For him, and for the moving-picture show that borrows his name, there is no real boundary betwixt past and present, dream and reality, body and spirit. The world of nature, properly understood — and looked at from the proper angle — contains all of those disparate elements and affords them roughly equal value. Boonmee, a believer in karma, inhabits a world in which a Buddhist understanding of the transitory nature of various forms of being coexists with animist behavior in the supernatural power of detail places, objects and living things.

This vision of existence is, to modern Western eyes, both peculiar and fallacious. That it is embedded in an exploration of the natural beauty of northern Thailand is certainly a bonus. A trip that Boonmee and his friends take to a cave deep in the wood would make a captivating nature documentary in its ain right, and the characters' serene credence of their amazing surroundings simply deepens the sense of sublimity.

But Mr. Weerasethakul is less concerned with exhibiting the exotic glories of his native land — which, afterwards all, is non exotic to him — than with drawing out the latent mysteries of ordinary existence. He is as at dwelling house in (which is to say every bit estranged from and curious virtually) the shadows of the countryside and the fluorescence of modern metropolis life. The jungle fantasia of "Tropical Malady" was followed by the disjointed quasicomedy of "Syndromes and a Century," which turned an urban corporate mural of role work and consumption into something like scientific discipline fiction.

And in "Uncle Boonmee" the lushness of Boonmee'due south farm gives way to a drab hotel and a garish funeral hall. Instead of ghosts in the darkness, there are flickering apparitions on a television screen. And instead of nostalgia for vanished magic, there is the recognition that magic — like the memories of the dead, and therefore the dead themselves — is always present if we know where and how to look. Mr. Weerasethakul certainly knows where to look and is generous plenty to share some of what he sees.
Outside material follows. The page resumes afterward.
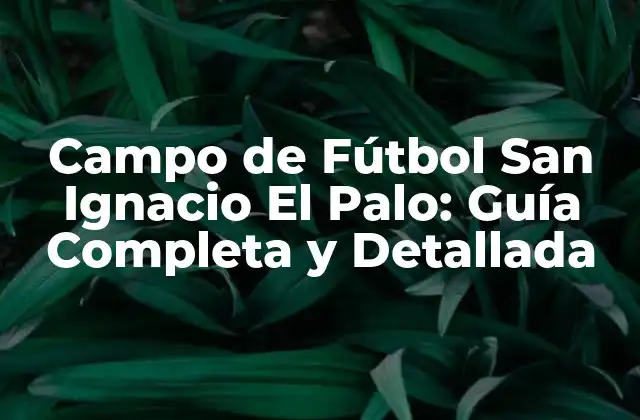 Campo de Fútbol San Ignacio el Palo: Guía Completa y Detallada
UNCLE BOONMEE WHO CAN Call up HIS PAST LIVES

Opens on Midweek in Manhattan.

Written and directed by Apichatpong Weerasethakul; directors of photography, Sayombhu Mukdeeprom, Yukontorn Mingmongkon and Charin Pengpanich; edited past Lee Chatametikool; product pattern by Akekarat Homlaor; produced by Simon Field, Keith Griffiths, Charles de Meaux and Mr. Weerasethakul; released by Strand Releasing. At Movie Forum, 209 West Houston Street, due west of Avenue of the Americas, Southward Village. In Thai, with English subtitles. Running time: one hour 53 minutes. This film is non rated.

WITH: Thanapat Saisaymar (Boonmee), Jenjira Pongpas (Jen), Sakda Kaewbuadee (Tong), Natthakarn Aphaiwonk (Huay), Geerasak Kulhong (Boonsong), Kanokporn Thongaram (Roong), Samud Kugasang (Jaai), Wallapa Mongkolprasert (Princess), Sumit Suebsee (Soldier) and Vien Pimdee (Farmer).